Substantially Equal Payments Relief

If you initiated early distributions from your Individual
Retirement Account (IRA) in the last couple of years using a
Substantially Equal Payment plan, your annual distribution
amount may be more than your current account balance can bear.
You may think there is nothing you can do to alter your
distribution amount and slow down the depletion of your IRA
account. This is not true. The IRS now permits you to make a
one-time, permanent reduction to your annual distribution
amount.

The primary purpose of an IRA is to accumulate assets for
retirement. Therefore, distributions taken before age 59 are
subject to a 10% premature distribution penalty, unless an
exception applies. One such exception is a Substantially Equal
Payment plan, which as you know is subject to several
requirements. For example, your may not stop or otherwise modify
your distributions until the longer of five years or until you
reach age 59 .

Under your Substantially Equal Payment plan, your distribution
amount was probably calculated using one of three IRS approved
methods: annuity, amortization or life expectancy. The annuity
and amortization methods are used more often because they
produce the large distribution amounts that are easily matched
to income needs.

Both the amortization and annuity methods have a fixed annual
distribution amount. It is calculated once - at the beginning of
your payment stream - and the annual distribution amount may not
be modified. This is what distinguishes the amortization and
annuity methods from the life expectancy method. If you are
using one of these methods and your account balance experiences
a significant decline, you may be running a substantial risk of
depleting your entire account.

The annual distribution amount for the life expectancy method is
recalculated annually based on your current age and account
balance. If you have experienced a significant decline in your
account balance because of the current economic conditions, your
annual distribution amount will be automatically adjusted
downward. This flexibility ensures that distributions continue
at a rate your current account balance is capable of sustaining.

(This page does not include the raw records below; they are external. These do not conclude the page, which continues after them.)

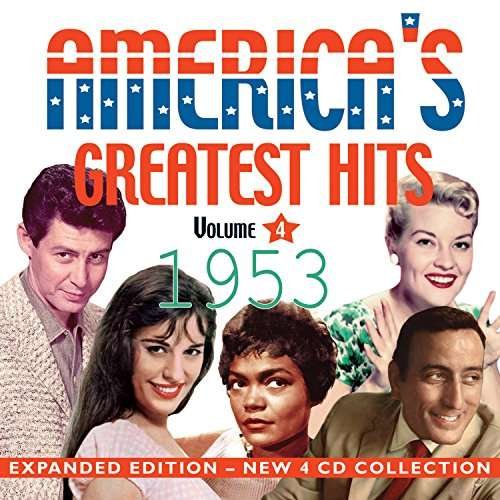 Americas Greatest Hits 1953 - Americas Greatest Hits Volume - Musik - ACROBAT - 0824046711429 - 9 juni 2017
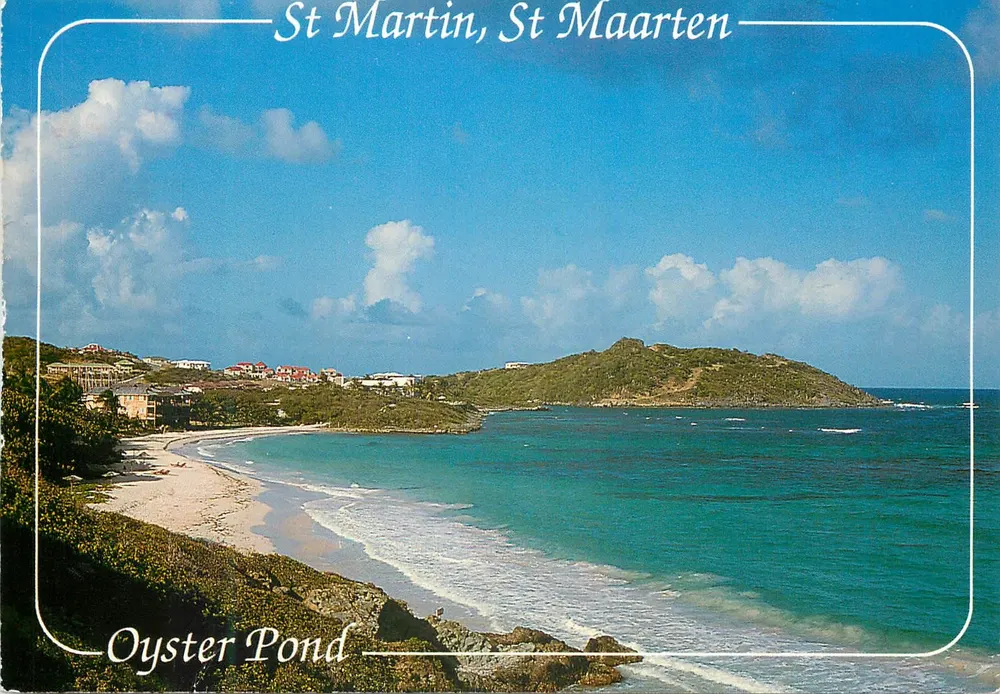 Oyster Pond — Saint Martin, Saint Maarten — Éditions André Exbrayat - Vorderseite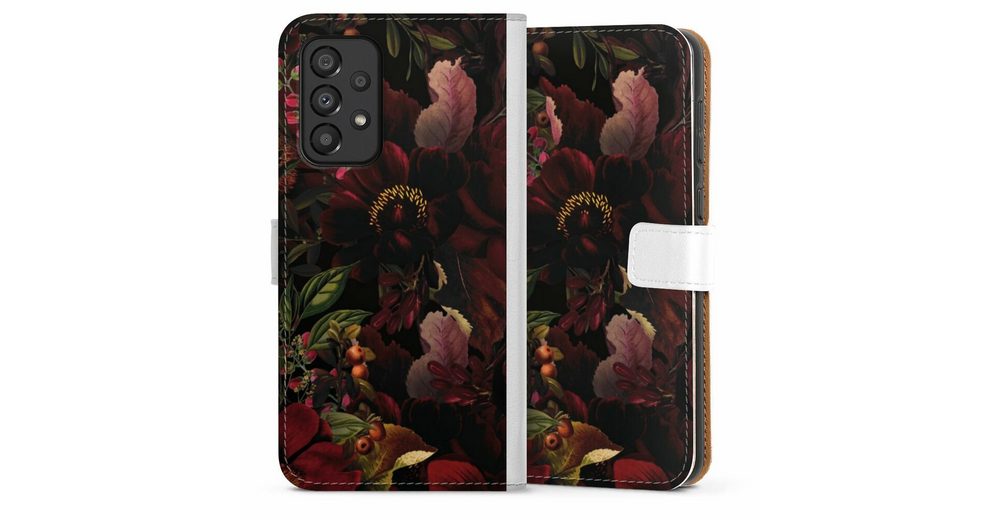 DeinDesign Handyhülle »Dunkle Blumenwiese« Samsung Galaxy A33 5G, Hülle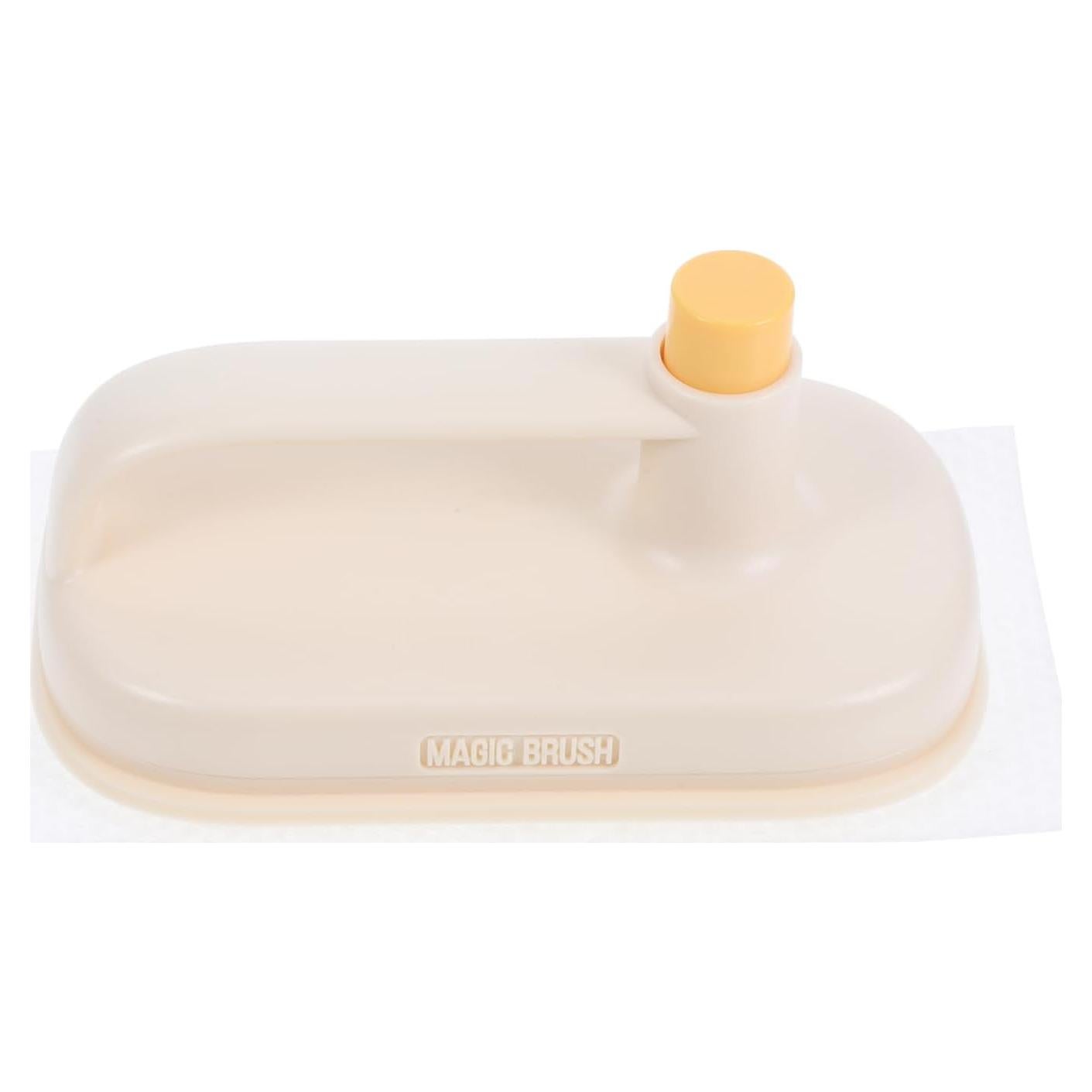 Paño de limpieza desengrasante Alipis con cepillo desechable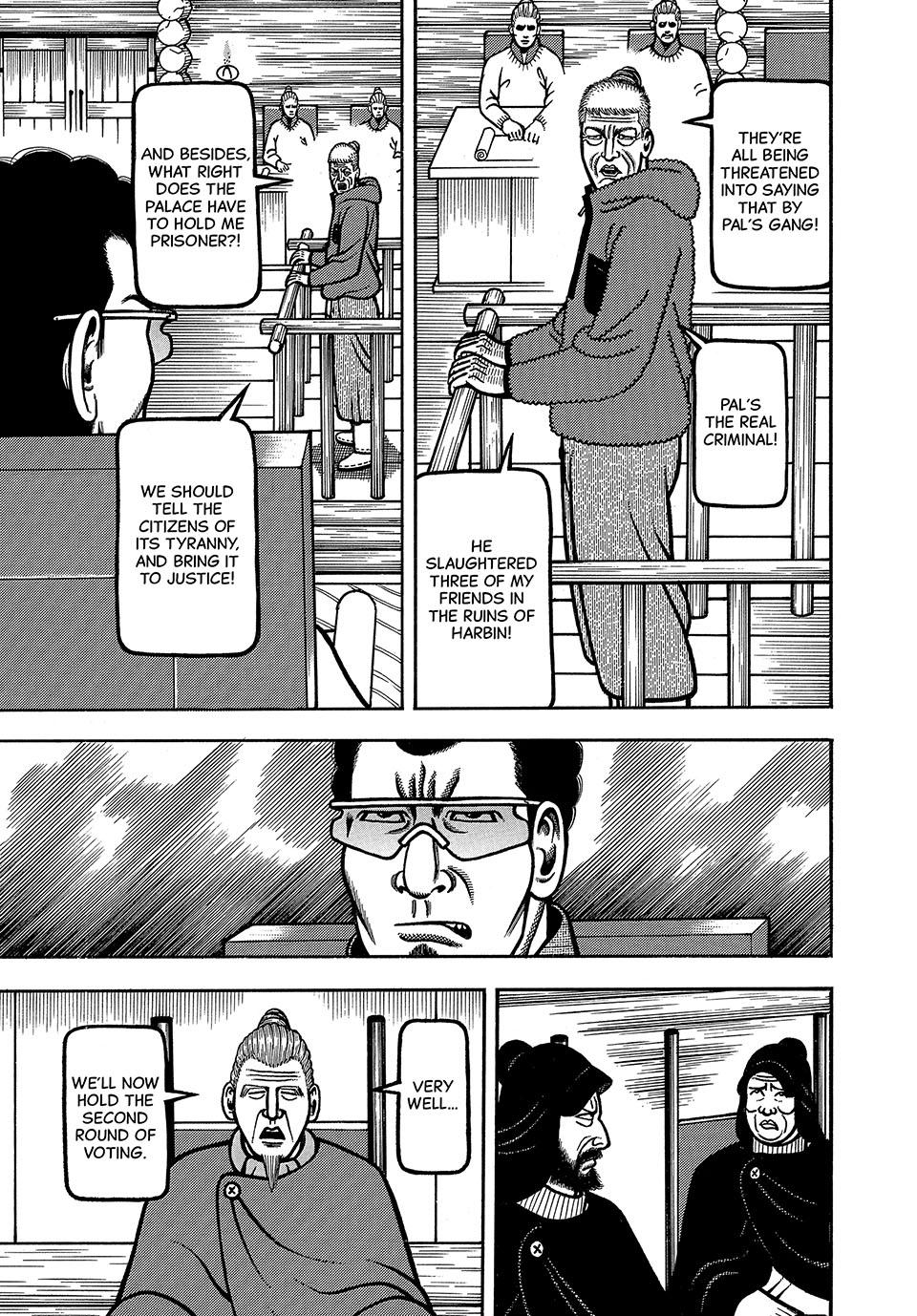 Boukyou Tarou, Longing for Home Chap 78 - Next Chap 79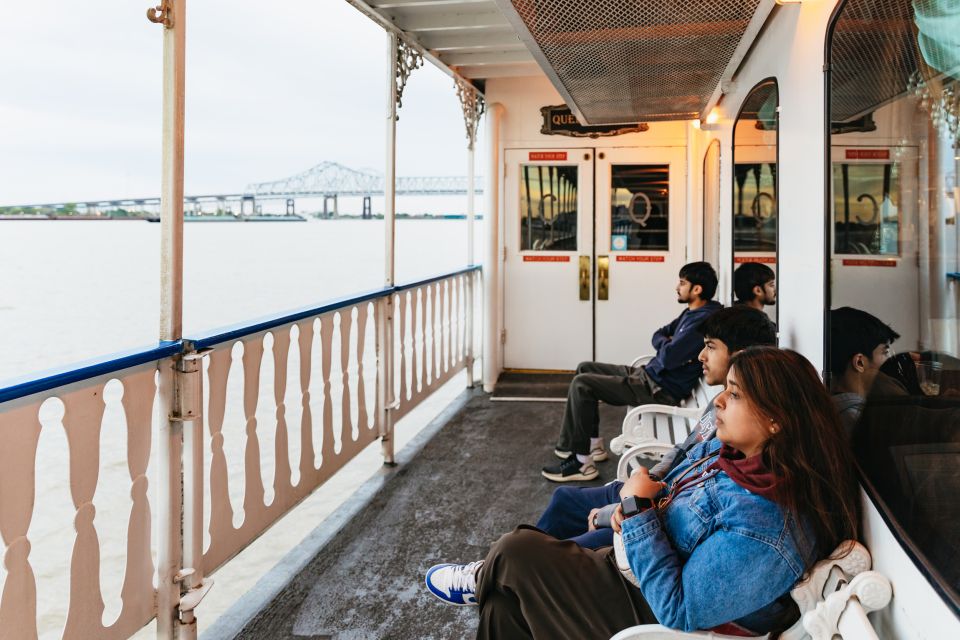 New Orleans: Evening Jazz Boat Cruise With Optional Dinner - Boarding and Itinerary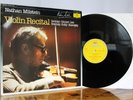 Violin Recital - Nathan Milstein **Deutsche Grammophon 410 843-1 ED1 LP**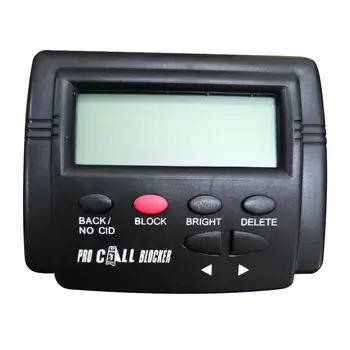Skambinkite juodąjį sąrašą Skambintojo ID Rodymo BoxCID803 Sustabdyti Nepatogumų Skambinti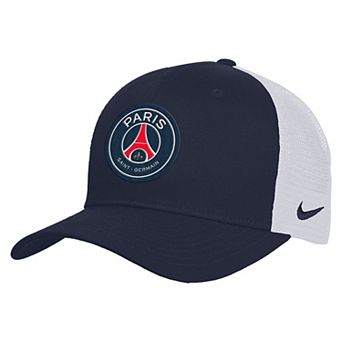 Unisex Nike Navy Paris Saint-Germain Rise Adjustable Trucker Hat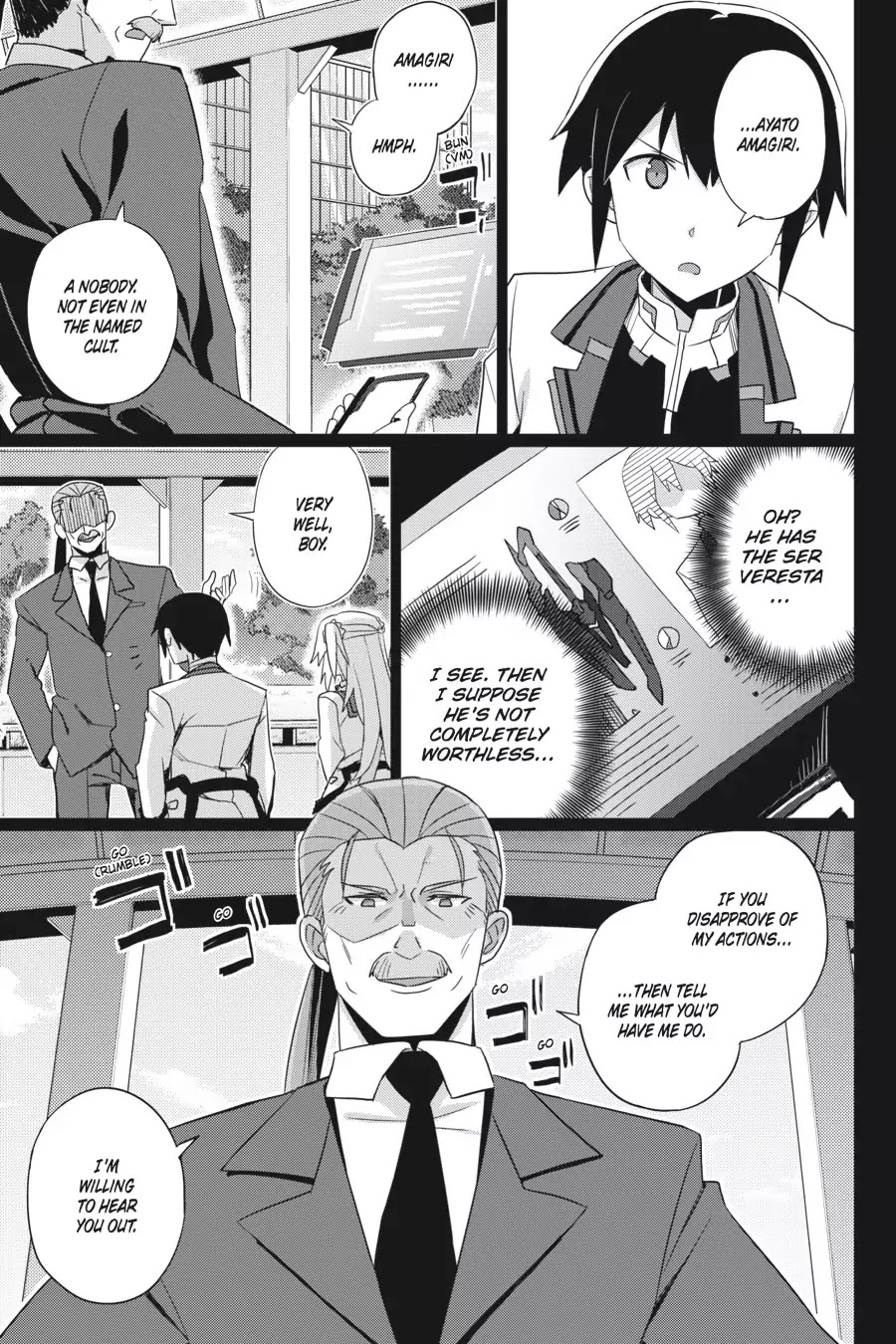 Gakusen Toshi Asterisk Chapter 24 page 18 - Chapter 24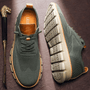 Breathable Lace-Up Men's Shoe In A Casual Style - Christopher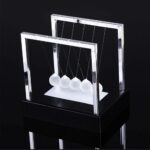 Pêndulo de Newton com luz LED – Image 4
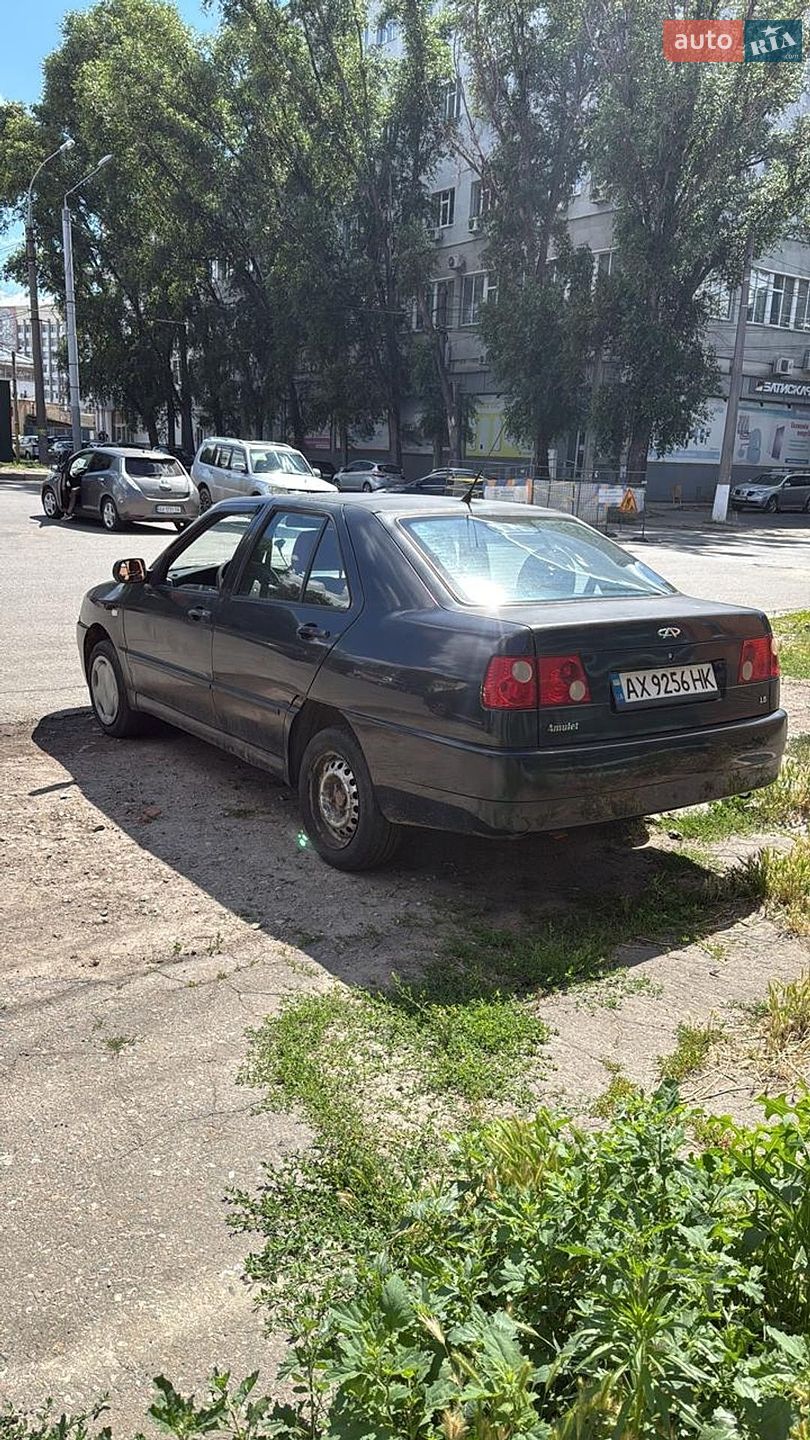 Chery Amulet 2008 VIN Y6DDA11A08D021064 фото оголошення 2 з 6
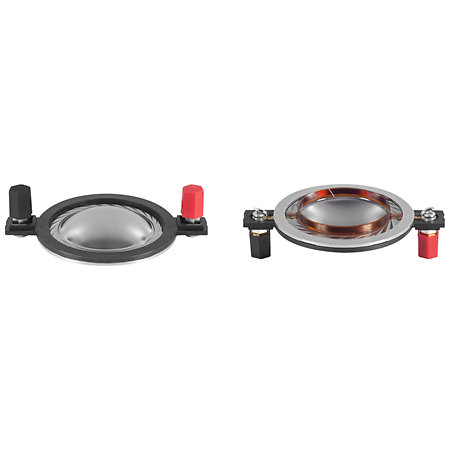 B&C Speakers Diaphragme MD/DE502 16 Ohm Push Buttons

If you are currently using the annuity or amortization method,
the IRS now permits you to make a one-time, permanent switch to
the life expectancy method so that you may reduce your annual
distribution amount. For example, assume you were a 54-year-old
individual taking distributions under the annuity method of
$49,460 each year. If you elect make the switch, your
distribution amount for the current year would be reduced to
$14,234. This is a significant reduction.

In evaluating whether to make this switch, you must consider
many issues. For example, you must weigh the effect of
continuing your current distribution stream against taking a
reduced annual distribution amount. You must also consider the
timing of the switch. Not everyone will be able to make the
switch for the 2005 tax year. Before you make the one-time,
permanent switch, please discuss these and other relevant issues
with your financial advisor or tax professional.